• WHAT YOU HAVE TO DO
Images are to be dropped, and the rest of the data reproduced exactly.

• RECORDED INFORMATION
+===+

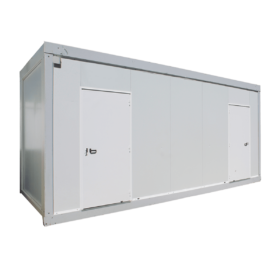 Módulo WC Balneário Duplo – 6 m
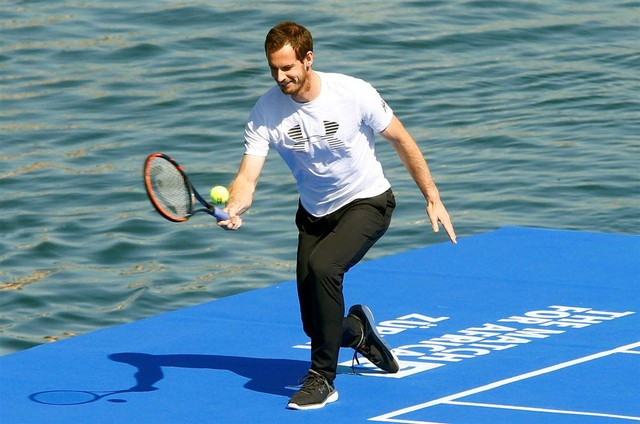 Andy Murray thi đấu giao hữu với Roger Federer, thành phố Manchester muốn đăng cai WTA Finals - Ảnh 2.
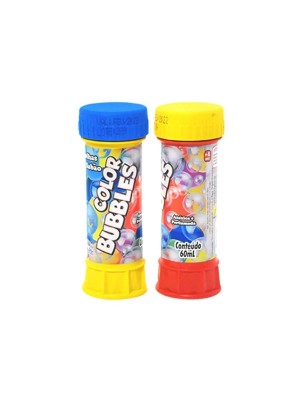 BOLHA DE SABAO COLOR BUBBLE 50ML UN.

+===+

• ANSWER FOR THE TASK
 Módulo WC Balneário Duplo – 6 m
 Andy Murray thi đấu giao hữu với Roger Federer, thành phố Manchester muốn đăng cai WTA Finals - Ảnh 2.
 BOLHA DE SABAO COLOR BUBBLE 50ML UN.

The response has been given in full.